Load Balancers and Reverse Proxies

A single server has limits: it can handle only so many connections, and if it dies the whole service dies. To serve many people with no single point of failure, we put up several servers and a load balancer to distribute traffic among them. This article explains load balancers, reverse proxies, and the surrounding concepts — things at the center of scalable systems.

The problem: one server isn't enough

Two problems with a single server:

Load: the traffic exceeds what one machine can handle.
Single point of failure: if that machine dies, the service goes down.

The solution: run multiple copies of the application (recall "replicas" from the Docker Swarm series) and put something in front to distribute requests among them — that's the load balancer (LB).

                          ┌─► Server A
   Client ──► Load        ├─► Server B     (multiple identical copies)
             Balancer ────┤
                          └─► Server C
        distributes requests, skips dead servers

The benefits: split load across machines (scaling horizontally — scale out), and if a server dies, the LB stops sending to it and the service keeps running.

L4 and L7: which layer to balance at

Remember the layered model (Article 1)? A load balancer operates at one of two layers, and this is an important distinction:

L4 (transport layer — TCP/UDP): distributes based on IP and port, without looking at content. Fast, simple, fits any protocol. It just forwards TCP packets to a backend.
L7 (application layer — HTTP): understands HTTP content (URL, headers, cookies), so it can route intelligently — e.g. /api/* to this group of servers, /images/* to another; or by host. More flexible but heavier on processing.

   L4 LB:  looks at  [ destination IP:port ]      → picks a backend
   L7 LB:  looks at  [ GET /api/users  Host: ... ]→ picks a backend by URL/host

A real-world example (AWS series): AWS's NLB (Network Load Balancer) is L4; ALB (Application Load Balancer) is L7. Saying "a layer-7 load balancer" is just the OSI naming from Article 1.

Load-balancing algorithms

The LB picks which backend gets each request by an algorithm:

   Round-robin       in turn A, B, C, A, B, C...  (common default)
   Least connections sends to the server with the fewest open connections
   IP hash           the same client IP always hits the same server (sticky by IP)
   Weighted          a stronger server takes a larger share

Round-robin is simple and enough for most cases. Least-connections is good when requests vary in weight.

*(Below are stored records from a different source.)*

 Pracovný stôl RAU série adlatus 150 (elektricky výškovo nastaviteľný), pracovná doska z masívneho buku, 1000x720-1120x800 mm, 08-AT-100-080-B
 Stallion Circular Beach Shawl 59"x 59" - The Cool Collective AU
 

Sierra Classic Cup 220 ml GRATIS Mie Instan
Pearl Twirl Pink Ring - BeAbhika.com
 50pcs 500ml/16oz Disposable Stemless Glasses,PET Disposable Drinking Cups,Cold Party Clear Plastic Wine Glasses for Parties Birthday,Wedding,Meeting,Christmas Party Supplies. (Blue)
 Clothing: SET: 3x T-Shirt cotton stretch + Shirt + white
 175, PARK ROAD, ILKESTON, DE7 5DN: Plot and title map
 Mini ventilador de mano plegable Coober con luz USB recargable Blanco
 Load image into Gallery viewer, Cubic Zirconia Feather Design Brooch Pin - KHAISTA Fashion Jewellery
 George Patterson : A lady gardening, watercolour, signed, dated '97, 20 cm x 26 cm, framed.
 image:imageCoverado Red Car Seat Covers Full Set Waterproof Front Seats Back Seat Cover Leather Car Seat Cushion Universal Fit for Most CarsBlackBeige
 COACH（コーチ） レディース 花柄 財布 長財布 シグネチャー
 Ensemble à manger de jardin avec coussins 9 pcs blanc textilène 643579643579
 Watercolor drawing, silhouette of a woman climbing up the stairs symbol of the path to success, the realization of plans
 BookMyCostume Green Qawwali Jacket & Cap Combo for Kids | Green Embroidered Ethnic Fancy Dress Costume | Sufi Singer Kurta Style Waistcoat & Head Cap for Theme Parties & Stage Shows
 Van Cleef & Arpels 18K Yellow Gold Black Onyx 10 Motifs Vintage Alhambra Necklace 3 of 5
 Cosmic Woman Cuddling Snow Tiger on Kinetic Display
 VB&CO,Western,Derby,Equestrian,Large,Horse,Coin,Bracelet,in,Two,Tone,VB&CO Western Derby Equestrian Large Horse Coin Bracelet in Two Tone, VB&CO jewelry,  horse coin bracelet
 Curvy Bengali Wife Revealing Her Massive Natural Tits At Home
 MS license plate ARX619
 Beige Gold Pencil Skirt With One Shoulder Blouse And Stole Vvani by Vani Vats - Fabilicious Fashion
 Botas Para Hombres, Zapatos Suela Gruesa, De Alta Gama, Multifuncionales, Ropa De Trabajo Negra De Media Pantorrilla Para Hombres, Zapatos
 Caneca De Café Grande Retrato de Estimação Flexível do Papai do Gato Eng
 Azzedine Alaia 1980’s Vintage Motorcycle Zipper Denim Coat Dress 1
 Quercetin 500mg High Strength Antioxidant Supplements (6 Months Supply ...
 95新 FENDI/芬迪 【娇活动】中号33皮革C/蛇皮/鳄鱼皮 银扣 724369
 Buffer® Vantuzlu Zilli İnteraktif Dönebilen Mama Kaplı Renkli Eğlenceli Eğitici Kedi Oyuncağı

Health checks: skipping dead servers

How does the LB know a server has died so it can stop sending to it? With health checks: the LB periodically "probes" each backend (e.g. calling GET /health — recall the /health endpoint we put in the app in the Docker/AWS series). The backend returns 200 = healthy, keeps receiving requests; no answer/an error = temporarily removed. When it recovers, the LB puts it back.

This is the mechanism behind high availability: a failed server is skipped automatically and users see no disruption. (Swarm/Kubernetes also use health checks to replace dead copies automatically — recall the Docker series.)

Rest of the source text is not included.